Coloradan’s new book a tribute to rural police
Until recently, the last time John DiGirolamo talked to a cop was about a decade ago when he was ticketed for speeding on Colorado’s Interstate 25.
“Obviously, when you have your kid go into that type of field, it becomes more interesting,” DiGirolamo says.
His kid, Megan, started as an officer in Buena Vista on her 21st birthday. That was 2017.
Flash forward to 2020, and DiGirolamo’s feelings on the police reached a new emotional level.
“As the summer of 2020 raged on with daily protests, riots, looting and calls for defunding the police, I only saw one version of police officers portrayed in the media,” he writes in his new book, “It’s Not About the Badge.”
DiGirolamo continues in the introduction: “Rarely did you hear from the police officers themselves, especially from rural America.”
That’s the intent of “It’s Not About the Badge.”
DiGirolamo, a career accountant with a lifelong affinity for writing, tells stories told to him by six men and women in uniform. Most are from his home in Chaffee County. DiGirolamo moved here to be closer to his daughter after she joined the local force.
“This book is not meant to be a political statement,” he says.
And yet, it is sprinkled with political undertones.
At the beginning, we find a sergeant struggling through the morning “[w]ith the protests of George Floyd’s death dominating the airwaves and internet,” DiGirolamo writes.
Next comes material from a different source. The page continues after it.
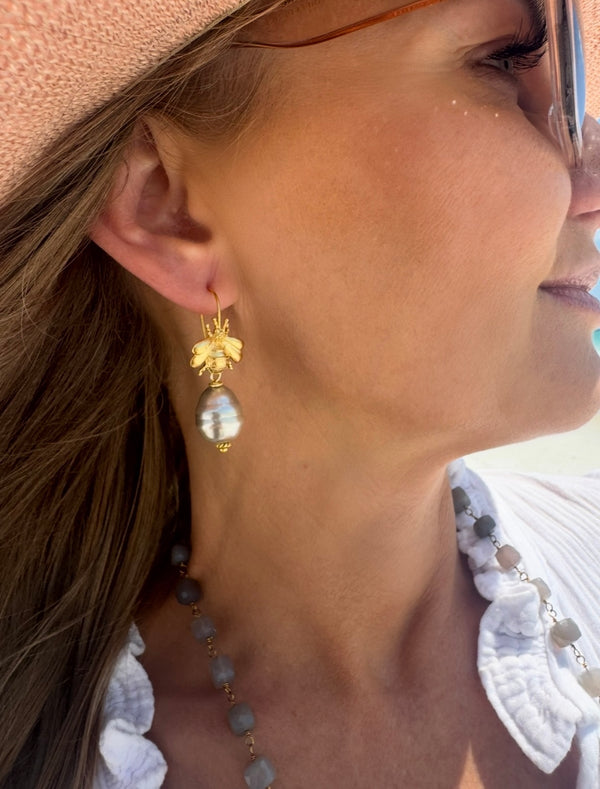 Golden bee silver pearl drop earrings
He continues: “It didn’t matter if deaths like George Floyd were rare. It was tough enough to do this job, but without public support, it was becoming less than its usual thankless job.”
The book includes no mention of the harsh realities of those deaths in American policing, nor the broader, racial disparities that have been increasingly documented.
For instance, the Harvard School of Public Health published a study last year finding Black people were three times as likely to be killed by police than white people across the country, with rates in the West relatively higher. Also last year, while noting a significant decline over the last 15 years, Pew Research Center still found inequity in Black incarceration — 1,501 imprisoned per every 100,000 adults, compared with 268 per every 100,000 white adults.
Different, disturbing data are referenced in “It’s Not About the Badge,” those showing suicide rates in police ranks are higher than in the general public.
DiGirolamo says his mission with the book was simple: “I hope people take away some perspective of what it’s like to be an officer, and the experiences that they go through.”
In the book, the experiences range from traffic stops and responses to dog bites, to more intense instances of domestic violence, to unimaginable horrors. From one member of the SWAT team, DiGirolamo recounts the 2006 nightmare at Platte Canyon High School when an intruder held seven female students hostage, sexually assaulted them and killed one.
DiGirolamo tells of other officers’ worst days on the job. One remembers arriving to the scene of a teenager’s suicide, followed by a stop to a house fire, where he sees two more dead bodies. At the end of the day, DiGirolamo retells the emotional conversation the officer had with his wife.
With creative license — scenes and dialogue are based on extensive interviews, he says — DiGirolamo aims to capture these professional and personal intersections. They can be staggering, such as when one, Jesse Cortese, experiences the heart-pounding fear of almost shooting a knife-wielding man, only for the threat to be tackled and resolved before a call comes in from his wife. She just landed at the airport and wanted to make sure Jesse watered the plants while she was away.
“The goal was not to make these guys look like heroes,” DiGirolamo says. “They’re real people.”
Real people who can be restless. That’s how DiGirolamo depicts Dean Morgan, who reports still sleeping with a stuffed gorilla.
DiGirolamo writes of the man who is now Buena Vista’s police chief: “Dean Morgan woke up with his hand balled up in a fist, punching his pillow. He’s been dreaming, angry at what happened just a few weeks earlier.”
A few weeks earlier in 2012, in an episode that garnered statewide media attention, Morgan shot and killed an 18-year-old who appeared to draw a gun after a high-chase pursuit. District attorneys in Lake, Saguache and Chaffee counties later found Morgan justified.
DiGirolamo writes of Morgan giving advice to his daughter, Megan, upon starting with the department: “You have to be pretty thick-skinned around here.”
Of everything that happened after her hire in 2017 — dead bodies on scenes, a fellow officer’s suicide, anti-police posts on social media — it was a second grader that got to Megan, her father writes.
“Don’t shoot me,” he recounts the boy saying while Megan was stationed at the school. To which Megan responded: “Why would you say that?”
It was a question she pondered to herself, feeling stress mount.
“Officer DiGirolamo slowed down her breathing, dropped her shoulders and felt a strong sense of sadness,” her father writes. “Her heart was a little bit broken.”